Problem: Your answer is the lines below, exactly, from the one that contains "Glass Shockproof Electroplated" through the one that contains "史豌豆童装女童满印飞袖衬衫2026夏季新款中大童洋气轻薄时髦小衫", both included.

Exercise data: Begin

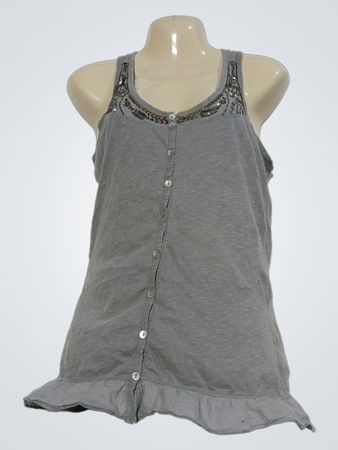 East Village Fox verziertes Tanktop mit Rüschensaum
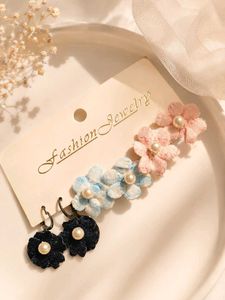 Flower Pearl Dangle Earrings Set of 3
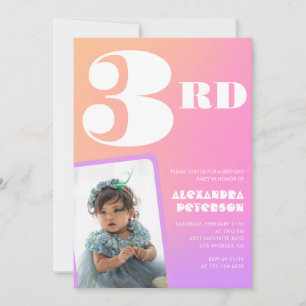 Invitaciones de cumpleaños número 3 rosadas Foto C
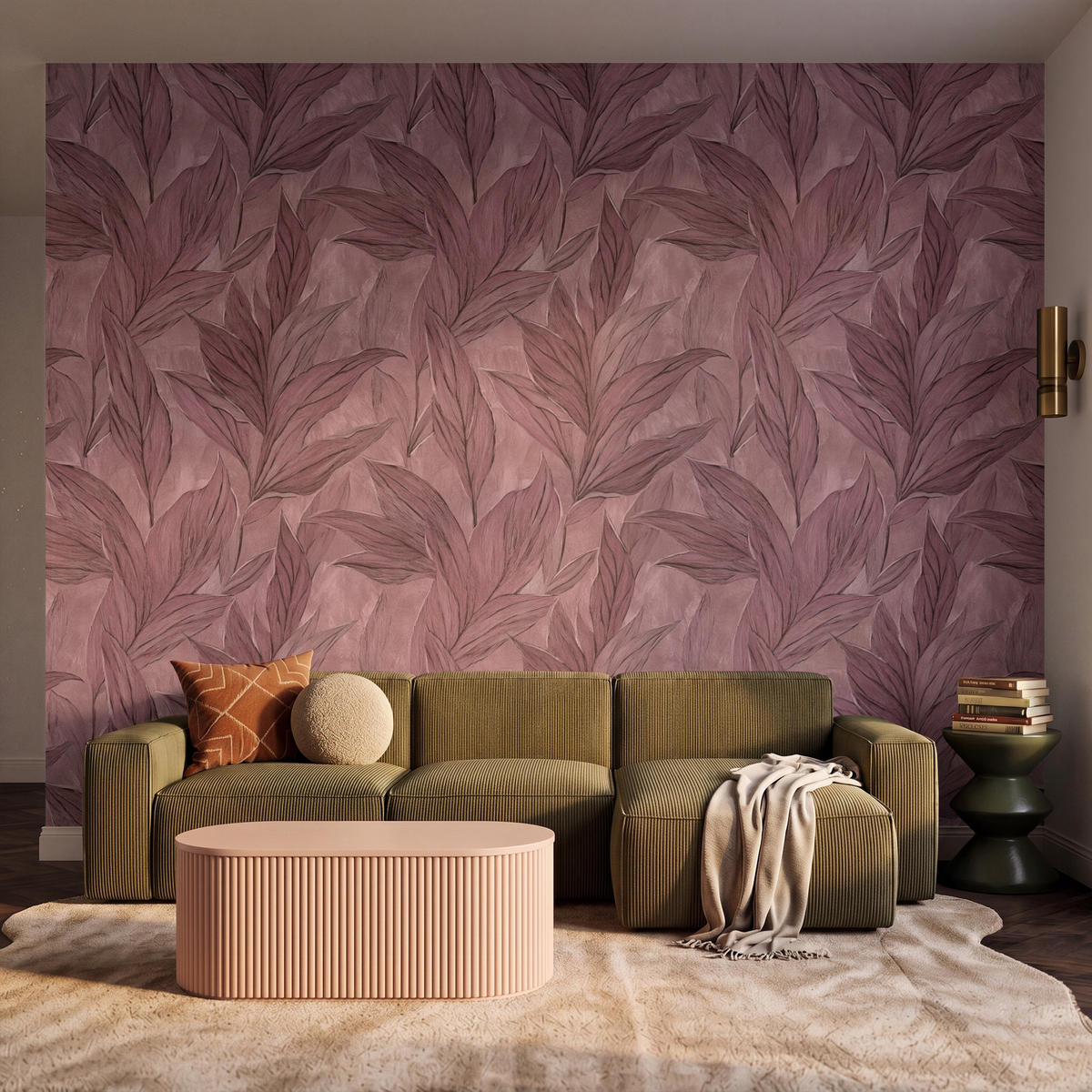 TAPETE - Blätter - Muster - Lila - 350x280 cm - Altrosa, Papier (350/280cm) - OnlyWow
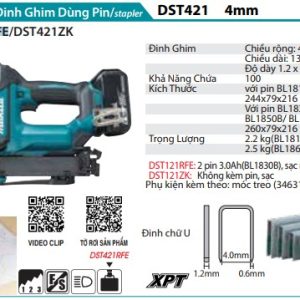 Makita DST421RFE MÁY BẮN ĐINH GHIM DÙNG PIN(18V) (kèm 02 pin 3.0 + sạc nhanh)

Exercise data: End
Exercise data: Begin

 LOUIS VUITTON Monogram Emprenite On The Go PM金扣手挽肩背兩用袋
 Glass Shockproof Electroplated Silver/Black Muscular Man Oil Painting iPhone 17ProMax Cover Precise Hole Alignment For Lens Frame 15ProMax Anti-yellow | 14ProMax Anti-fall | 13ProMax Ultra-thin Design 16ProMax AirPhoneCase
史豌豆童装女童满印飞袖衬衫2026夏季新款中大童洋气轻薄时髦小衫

Exercise data: End

Result below:
 Glass Shockproof Electroplated Silver/Black Muscular Man Oil Painting iPhone 17ProMax Cover Precise Hole Alignment For Lens Frame 15ProMax Anti-yellow | 14ProMax Anti-fall | 13ProMax Ultra-thin Design 16ProMax AirPhoneCase
史豌豆童装女童满印飞袖衬衫2026夏季新款中大童洋气轻薄时髦小衫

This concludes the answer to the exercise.